每当有雨光临的夜晚,我会想到两个人的作品,一个是余光中的散文名篇《听听那冷雨》而另一个我喜爱的“小李杜”之一——李商隐的佳作《夜雨寄北》。
9月20日夜迎来了入秋后第一场酣畅淋漓的雨,如《2002年的第一场雪》的开场白那样,气温开始下降了,而看着窗外的雨我不禁想起以前的日子。
那时住在二楼,前面有高大樟树挡着视线,看雨对一个静坐窗前的人来说却成了一个奢侈费神的事。看雨的时候希望把视线一直延伸到远方,如同把伞留给车上的恋人却选择在前一站下车,然后心绪盎然地目送远去地BUS逐渐消逝在夜幕里,而自己则踏着《雨中人》的轻快的节奏,哼着小曲。此时只是看着雨滴从叶端沿着叶脉玩翘翘板似的滑下来——一层若是接不住则另一层便挡差了,尔后轻微地在雨丝、雨气和凉凉的雨风中振动一下。那时候心得是静的,思绪的步伐开始渐行渐远。只偶尔有几粒大号的在练习着蹦床运动不安分地蹿到额头地发丝上来,冰冰凉凉地来了一小节休止符。就像雨滴不知道何时被派洒到人间,人生的旅途也是一个驿站续着一个驿站,长亭连短亭般地直到生命结束,或许真的是前路遥遥而未有归期。这样的夜晚只要静坐在窗前,手上拽一枝笔,都会有种想写信的感觉:信笺、信纸、笔还有窗外相随的一场雨,有如雨生《朋友》里短长的那句“窗外还下着雨,滴落着我对你的思绪”。如果能化作一纸信笺,那么此刻它已经附上了我的问候与思念。
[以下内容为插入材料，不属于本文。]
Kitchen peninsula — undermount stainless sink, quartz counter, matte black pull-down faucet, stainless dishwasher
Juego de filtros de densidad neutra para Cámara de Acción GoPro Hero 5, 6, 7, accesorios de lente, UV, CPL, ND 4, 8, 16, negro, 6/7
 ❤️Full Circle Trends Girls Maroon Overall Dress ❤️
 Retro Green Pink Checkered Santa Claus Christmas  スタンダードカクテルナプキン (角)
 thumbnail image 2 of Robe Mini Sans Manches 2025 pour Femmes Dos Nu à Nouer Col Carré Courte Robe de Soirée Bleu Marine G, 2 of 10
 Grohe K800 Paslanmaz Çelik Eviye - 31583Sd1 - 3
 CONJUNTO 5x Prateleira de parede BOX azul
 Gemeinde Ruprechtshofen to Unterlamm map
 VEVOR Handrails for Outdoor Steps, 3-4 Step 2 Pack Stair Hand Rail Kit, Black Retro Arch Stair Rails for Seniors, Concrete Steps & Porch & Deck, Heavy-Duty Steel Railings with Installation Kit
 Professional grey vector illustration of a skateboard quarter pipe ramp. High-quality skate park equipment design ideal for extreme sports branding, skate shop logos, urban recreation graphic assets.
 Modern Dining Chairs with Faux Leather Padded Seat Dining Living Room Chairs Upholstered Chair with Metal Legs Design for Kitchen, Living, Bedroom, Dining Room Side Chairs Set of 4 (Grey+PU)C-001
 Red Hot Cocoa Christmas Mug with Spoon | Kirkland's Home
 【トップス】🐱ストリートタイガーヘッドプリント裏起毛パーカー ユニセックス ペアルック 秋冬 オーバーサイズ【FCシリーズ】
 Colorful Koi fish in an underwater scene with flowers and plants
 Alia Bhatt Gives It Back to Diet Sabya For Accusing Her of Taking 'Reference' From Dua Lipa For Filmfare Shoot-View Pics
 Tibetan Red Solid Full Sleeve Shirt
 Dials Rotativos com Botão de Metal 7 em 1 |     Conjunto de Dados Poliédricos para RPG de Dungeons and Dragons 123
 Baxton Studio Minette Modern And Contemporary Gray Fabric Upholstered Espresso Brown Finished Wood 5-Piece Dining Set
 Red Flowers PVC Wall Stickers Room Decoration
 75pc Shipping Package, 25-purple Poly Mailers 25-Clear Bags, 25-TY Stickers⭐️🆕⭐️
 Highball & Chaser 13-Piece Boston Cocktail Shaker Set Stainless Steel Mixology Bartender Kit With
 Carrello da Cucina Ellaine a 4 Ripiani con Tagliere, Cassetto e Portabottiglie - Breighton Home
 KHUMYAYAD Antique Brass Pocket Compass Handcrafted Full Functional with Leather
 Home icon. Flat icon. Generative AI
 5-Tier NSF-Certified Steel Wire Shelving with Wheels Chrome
到如今没有那样的遮掩,在一楼的窗前,能清晰看到这一注注雨滴的兴奋劲,四散在街灯上穿梭于飞舞的汽车尾灯间夹杂着人们匆忙的脚步声。窗前的篮球场,空中已没有枝叶的缓冲,一滴滴一线线直扑大地:撇开着各式的步伐。也许最高兴的应是渔湾的渔民了——湘江正敞开胸怀接受着上苍的恩赐。此刻一滴窗外的雨不经意间贴了过来,冷冷的,另人想起华仔的《冰雨》——“冷冷的冰雨在脸上胡乱地拍”。雨虽非成冰,但已带着入秋后的凉意了。
雨来了,街灯早早地亮起来,麓山南路、牌楼西路乃至整个沿江大道都笼罩在一片橘黄中,抬头向上望去,清楚地看见雨珠是怎么串成一线从深邃的夜空上一串串滑下来。现在已经是离不开电的时代了,可不知怎的总也忘不了童年时代母亲备置的为停电时用的——一打蜡烛,红的、白的都有,还有那盏如今早已被淡忘的油灯,只是上面锈蚀的齿轮拨弄后还能否调整灯芯的高度。也许没有商隐兄的温情浪漫——“何当共剪西窗烛,却话巴山夜雨时”,但刮风下雨的夜里,一根小小的红烛,一盏浅浅尚不够亮的油灯仍能将许多温暖牵挂在一起。
雨下得浓郁的时候,人们已不习惯带伞出门。于是看着这些高兴、调皮的,淘气、忧伤的雨滴落在人类的世界——各式不同的容器,汇成一湾湾一潭潭甚至于在车道上趟成一样样的小河,而我在此窗此岸,而你在彼窗彼岸,我们隔着这样那样的河缓缓地对着话……
雨歇的时候,水泥路或是石板的缝隙间总有些植被在昏黄灯光的折射下发出幽幽的绿光,这便是青苔了。而走过去,不妨聆听余光中那篇里的那句“整理青苔处深深的记忆”。